• [PROBLEM REQUIREMENTS]:
Set down, exactly as written, the lines from the line holding "Agata Glitter Dazzle" to the end of the data, inclusive, skipping any pictures.

• [DATA SHOWN]:
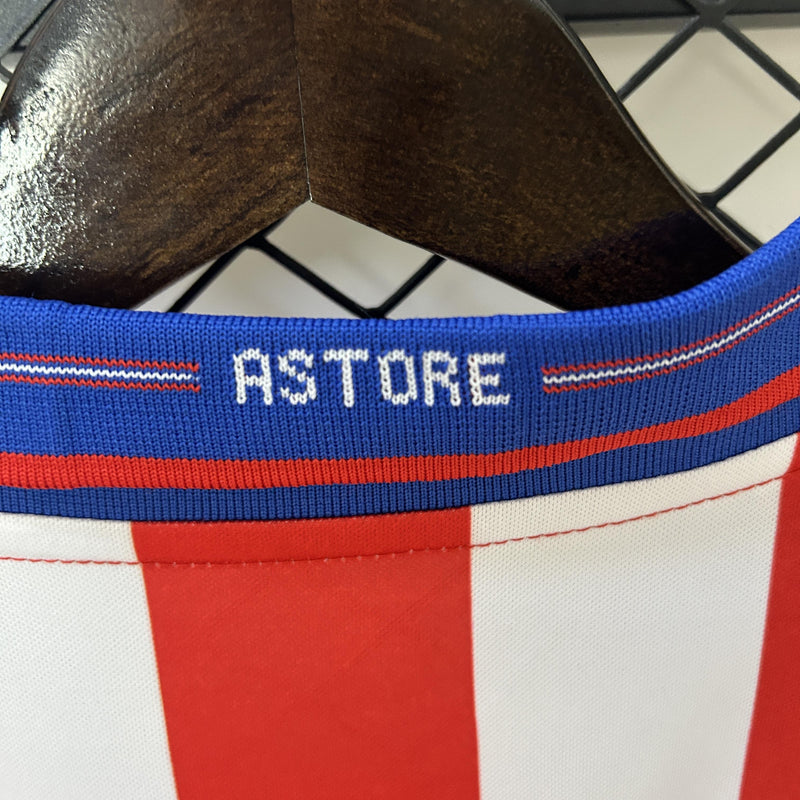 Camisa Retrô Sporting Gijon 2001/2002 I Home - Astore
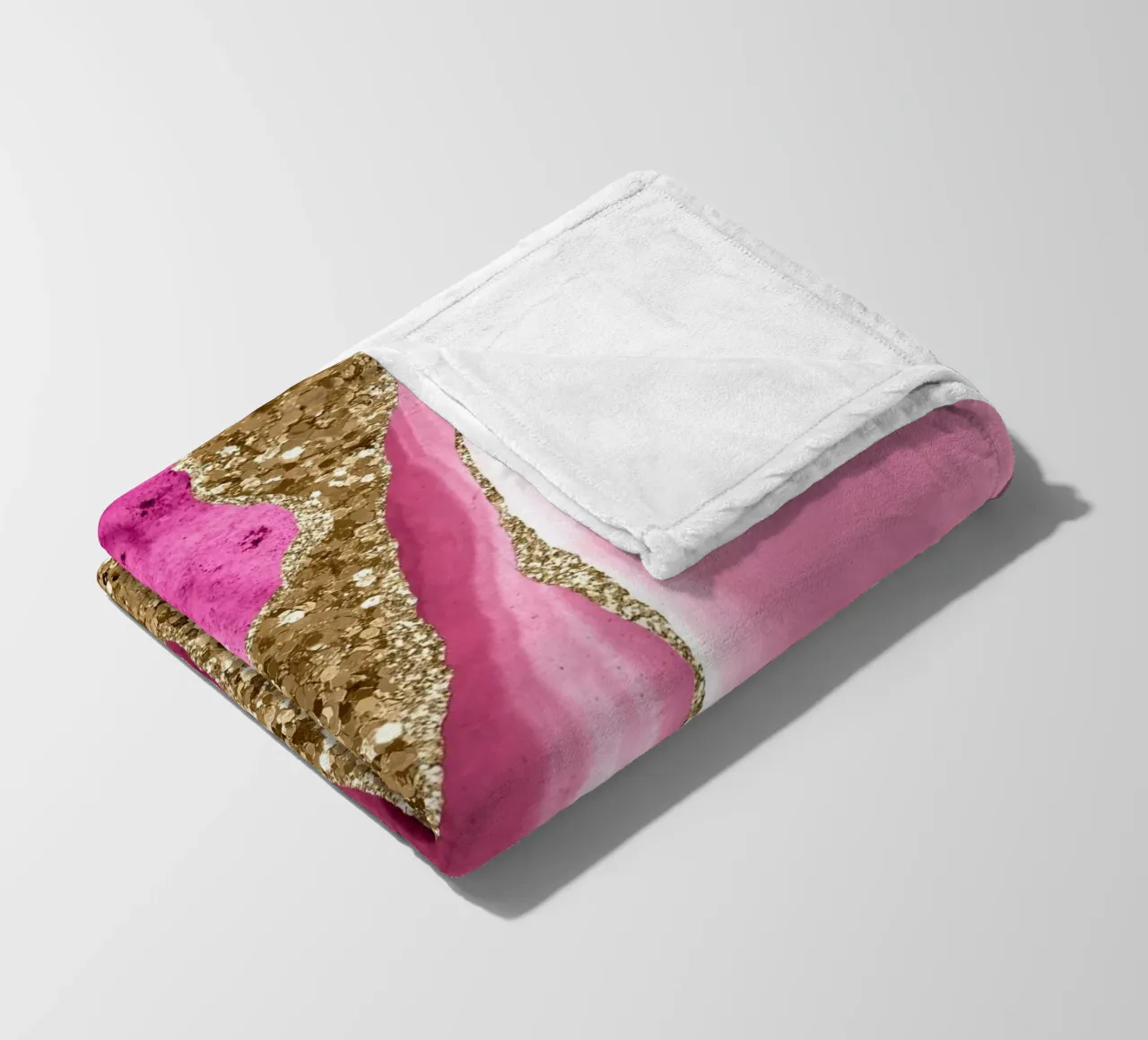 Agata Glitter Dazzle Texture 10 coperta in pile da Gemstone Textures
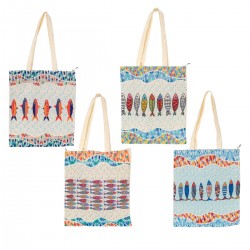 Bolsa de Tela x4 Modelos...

• [RESULT OF THE TASK]:
 Agata Glitter Dazzle Texture 10 coperta in pile da Gemstone Textures
 Bolsa de Tela x4 Modelos...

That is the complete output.